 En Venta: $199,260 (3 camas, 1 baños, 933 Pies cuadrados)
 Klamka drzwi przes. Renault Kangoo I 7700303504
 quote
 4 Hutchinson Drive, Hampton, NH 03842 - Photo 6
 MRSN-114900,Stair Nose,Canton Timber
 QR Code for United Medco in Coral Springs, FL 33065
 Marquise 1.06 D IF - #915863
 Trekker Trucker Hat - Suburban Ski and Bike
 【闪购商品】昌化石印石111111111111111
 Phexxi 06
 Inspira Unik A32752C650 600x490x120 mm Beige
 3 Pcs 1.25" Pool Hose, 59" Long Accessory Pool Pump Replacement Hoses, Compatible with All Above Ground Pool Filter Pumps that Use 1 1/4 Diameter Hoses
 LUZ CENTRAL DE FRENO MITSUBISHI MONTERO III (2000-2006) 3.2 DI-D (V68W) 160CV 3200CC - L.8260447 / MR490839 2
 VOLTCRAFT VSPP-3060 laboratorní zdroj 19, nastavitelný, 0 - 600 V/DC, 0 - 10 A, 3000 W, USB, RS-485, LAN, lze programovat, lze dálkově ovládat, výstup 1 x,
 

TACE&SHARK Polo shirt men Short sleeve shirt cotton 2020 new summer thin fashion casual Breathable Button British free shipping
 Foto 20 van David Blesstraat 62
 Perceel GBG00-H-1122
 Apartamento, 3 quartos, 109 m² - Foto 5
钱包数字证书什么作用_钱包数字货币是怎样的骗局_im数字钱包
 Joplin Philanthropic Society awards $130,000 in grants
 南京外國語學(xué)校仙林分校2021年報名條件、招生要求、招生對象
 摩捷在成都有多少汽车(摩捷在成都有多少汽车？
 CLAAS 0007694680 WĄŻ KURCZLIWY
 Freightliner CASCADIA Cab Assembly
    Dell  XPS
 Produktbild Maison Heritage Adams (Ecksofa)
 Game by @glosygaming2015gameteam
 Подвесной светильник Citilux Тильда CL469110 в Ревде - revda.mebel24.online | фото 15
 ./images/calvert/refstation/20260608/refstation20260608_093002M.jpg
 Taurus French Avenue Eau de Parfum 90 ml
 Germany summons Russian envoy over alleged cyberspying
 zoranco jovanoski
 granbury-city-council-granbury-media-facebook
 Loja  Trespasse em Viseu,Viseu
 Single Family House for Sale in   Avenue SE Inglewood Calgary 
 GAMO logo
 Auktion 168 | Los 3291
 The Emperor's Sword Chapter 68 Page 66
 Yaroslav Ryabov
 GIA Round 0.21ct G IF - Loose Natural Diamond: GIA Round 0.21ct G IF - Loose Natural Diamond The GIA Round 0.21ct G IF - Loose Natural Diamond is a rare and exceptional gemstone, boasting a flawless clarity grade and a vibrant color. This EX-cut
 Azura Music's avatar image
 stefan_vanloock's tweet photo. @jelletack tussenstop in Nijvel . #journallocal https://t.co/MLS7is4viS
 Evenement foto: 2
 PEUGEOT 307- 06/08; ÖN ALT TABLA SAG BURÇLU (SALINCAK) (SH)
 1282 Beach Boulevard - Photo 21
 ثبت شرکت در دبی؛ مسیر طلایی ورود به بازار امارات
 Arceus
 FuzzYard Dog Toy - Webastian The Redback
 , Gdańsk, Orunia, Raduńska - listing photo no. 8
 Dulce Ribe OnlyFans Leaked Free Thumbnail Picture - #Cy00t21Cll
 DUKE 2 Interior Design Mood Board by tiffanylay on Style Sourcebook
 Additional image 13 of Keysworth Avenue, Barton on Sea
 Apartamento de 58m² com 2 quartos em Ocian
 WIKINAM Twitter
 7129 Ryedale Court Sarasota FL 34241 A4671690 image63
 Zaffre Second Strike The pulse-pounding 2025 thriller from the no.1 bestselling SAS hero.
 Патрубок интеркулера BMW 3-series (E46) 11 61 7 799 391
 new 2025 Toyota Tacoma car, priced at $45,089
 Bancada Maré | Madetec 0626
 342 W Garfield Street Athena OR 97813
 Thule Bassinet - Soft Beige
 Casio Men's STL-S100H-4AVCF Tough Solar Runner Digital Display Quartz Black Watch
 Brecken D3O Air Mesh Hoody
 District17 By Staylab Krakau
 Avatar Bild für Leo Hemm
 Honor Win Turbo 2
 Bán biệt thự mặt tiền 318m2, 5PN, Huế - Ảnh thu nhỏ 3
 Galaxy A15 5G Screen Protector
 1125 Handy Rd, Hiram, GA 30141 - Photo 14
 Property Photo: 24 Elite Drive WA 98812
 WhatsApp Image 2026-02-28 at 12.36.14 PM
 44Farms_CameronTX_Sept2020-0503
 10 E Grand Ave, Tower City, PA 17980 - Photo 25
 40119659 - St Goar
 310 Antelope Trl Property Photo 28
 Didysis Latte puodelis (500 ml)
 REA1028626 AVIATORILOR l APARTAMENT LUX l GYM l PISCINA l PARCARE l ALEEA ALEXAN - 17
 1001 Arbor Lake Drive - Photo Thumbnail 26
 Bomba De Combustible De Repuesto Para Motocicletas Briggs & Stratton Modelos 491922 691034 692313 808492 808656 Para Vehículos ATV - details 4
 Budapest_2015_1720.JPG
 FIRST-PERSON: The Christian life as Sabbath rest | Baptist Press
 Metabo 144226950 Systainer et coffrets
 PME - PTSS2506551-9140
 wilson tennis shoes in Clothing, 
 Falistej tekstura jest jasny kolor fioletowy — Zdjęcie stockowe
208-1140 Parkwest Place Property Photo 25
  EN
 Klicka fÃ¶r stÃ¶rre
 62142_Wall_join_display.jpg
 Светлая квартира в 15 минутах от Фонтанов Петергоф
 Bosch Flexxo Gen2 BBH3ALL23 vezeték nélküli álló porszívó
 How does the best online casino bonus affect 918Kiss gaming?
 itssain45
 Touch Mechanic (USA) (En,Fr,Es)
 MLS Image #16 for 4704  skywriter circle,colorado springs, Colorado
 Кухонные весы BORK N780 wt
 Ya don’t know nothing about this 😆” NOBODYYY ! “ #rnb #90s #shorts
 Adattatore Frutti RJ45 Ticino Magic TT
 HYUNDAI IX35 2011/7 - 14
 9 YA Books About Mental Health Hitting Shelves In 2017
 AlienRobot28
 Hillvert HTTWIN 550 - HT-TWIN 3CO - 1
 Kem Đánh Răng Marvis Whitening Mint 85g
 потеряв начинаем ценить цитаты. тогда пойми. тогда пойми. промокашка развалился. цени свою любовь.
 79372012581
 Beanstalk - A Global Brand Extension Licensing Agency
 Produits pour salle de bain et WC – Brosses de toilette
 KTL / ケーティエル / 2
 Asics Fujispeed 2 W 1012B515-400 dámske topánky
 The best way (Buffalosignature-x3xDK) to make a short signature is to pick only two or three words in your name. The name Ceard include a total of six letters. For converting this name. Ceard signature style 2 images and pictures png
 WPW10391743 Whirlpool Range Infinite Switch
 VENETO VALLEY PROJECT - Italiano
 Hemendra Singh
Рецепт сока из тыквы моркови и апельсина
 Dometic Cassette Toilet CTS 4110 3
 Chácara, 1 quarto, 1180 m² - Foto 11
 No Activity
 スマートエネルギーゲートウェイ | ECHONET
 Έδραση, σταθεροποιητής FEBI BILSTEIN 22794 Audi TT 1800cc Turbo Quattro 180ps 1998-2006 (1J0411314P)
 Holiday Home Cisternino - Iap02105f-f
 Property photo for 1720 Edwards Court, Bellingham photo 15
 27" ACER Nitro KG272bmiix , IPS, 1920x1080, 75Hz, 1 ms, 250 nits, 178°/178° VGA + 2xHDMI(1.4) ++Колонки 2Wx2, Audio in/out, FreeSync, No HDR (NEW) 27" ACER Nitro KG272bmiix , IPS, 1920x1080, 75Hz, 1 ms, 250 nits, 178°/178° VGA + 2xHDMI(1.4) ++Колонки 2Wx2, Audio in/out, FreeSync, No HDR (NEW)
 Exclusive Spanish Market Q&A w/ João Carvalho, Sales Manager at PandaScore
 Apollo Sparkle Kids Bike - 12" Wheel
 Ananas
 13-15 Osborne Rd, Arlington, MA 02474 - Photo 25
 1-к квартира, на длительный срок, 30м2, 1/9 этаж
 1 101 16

# EXERCISE INSTRUCTIONS
From the material above, set down exactly the lines between the line holding "Zaffre Second Strike" and the line holding "WhatsApp Image 2026-02-28 at 12.36.14 PM", inclusive. Include nothing else.

# ANSWER
 Zaffre Second Strike The pulse-pounding 2025 thriller from the no.1 bestselling SAS hero.
 Патрубок интеркулера BMW 3-series (E46) 11 61 7 799 391
 new 2025 Toyota Tacoma car, priced at $45,089
 Bancada Maré | Madetec 0626
 342 W Garfield Street Athena OR 97813
 Thule Bassinet - Soft Beige
 Casio Men's STL-S100H-4AVCF Tough Solar Runner Digital Display Quartz Black Watch
 Brecken D3O Air Mesh Hoody
 District17 By Staylab Krakau
 Avatar Bild für Leo Hemm
 Honor Win Turbo 2
 Bán biệt thự mặt tiền 318m2, 5PN, Huế - Ảnh thu nhỏ 3
 Galaxy A15 5G Screen Protector
 1125 Handy Rd, Hiram, GA 30141 - Photo 14
 Property Photo: 24 Elite Drive WA 98812
 WhatsApp Image 2026-02-28 at 12.36.14 PM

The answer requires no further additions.